AboutTed Nesbitt Expertise I am the bibliographic instruction and reference librarian at a public college. Some members of the English department recommend me to their students. I offer assistance in grammar, punctuation, sentence structure, and paragraph development. My master`s thesis concerns William Faulkner`s tragic novels. I formerly taught advanced placement English at two schools in the Philadelphia area.
Question A friend made a post on a message board saying that someone was "Stupider" than someone else... and reading it, I thought the proper way to express that would be to use "More stupid".
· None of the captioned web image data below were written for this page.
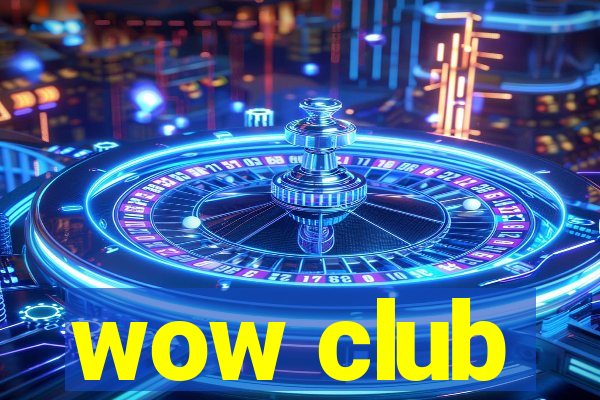 wow club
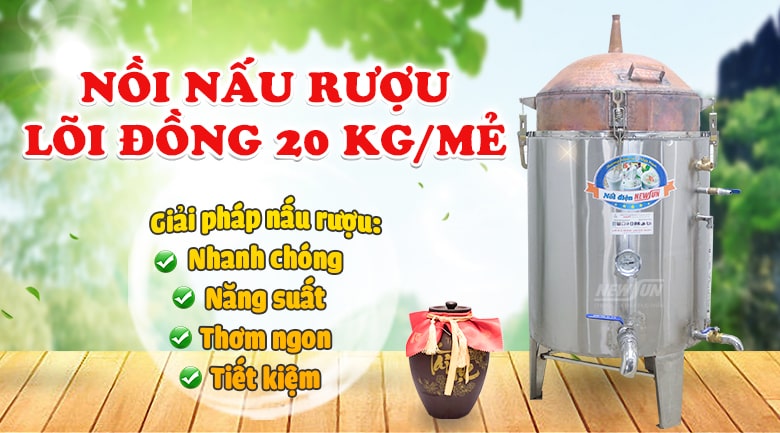 Nồi nấu rượu lõi đồng 20kg/mẻ
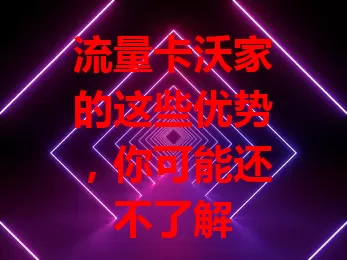 流量卡沃家的这些优势，你可能还不了解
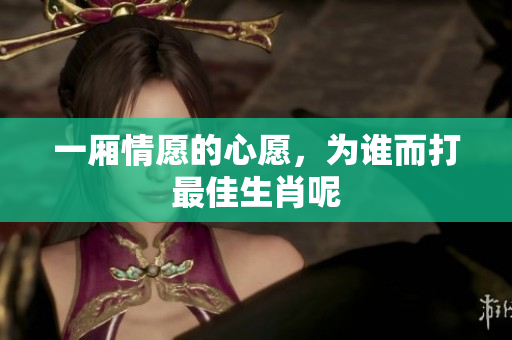 一厢情愿的心愿，为谁而打最佳生肖呢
Apparently "Stupider" is a word according to dictionary.com, but is "more stupid" also correct?
Thanks for your time & help!
-Eric AiXeLsyD
eric@aixelsyd.com
Answer Eric:
Ther are many words in the dictionary that I would avoid. "Stupider" is one of them. Just pronouncing it is awkward.
You, however, are RIGHT on target. The preferred way of expressing this idea is "more stupid."
"The Heath Handbook" has a list of the preferred comparative and superlative forms of adjectives and adverbs. The handbook's rule of thumb is that, if a word is one syllable, use "er" and "est," as in "tall, taller, and tallest."
But . . . "Many adjectives of two syllables and all longer adjectives form the comparative and superlative by adding "more" and "most."
Examples: alert more alert most alert
ambitious more ambitious most ambitious
I suppose your friend would choose "alerter" and "alertest," but he would be in a "peculiar" minority.
Have him try to pronounce "ambitiouser" and "ambitiousest."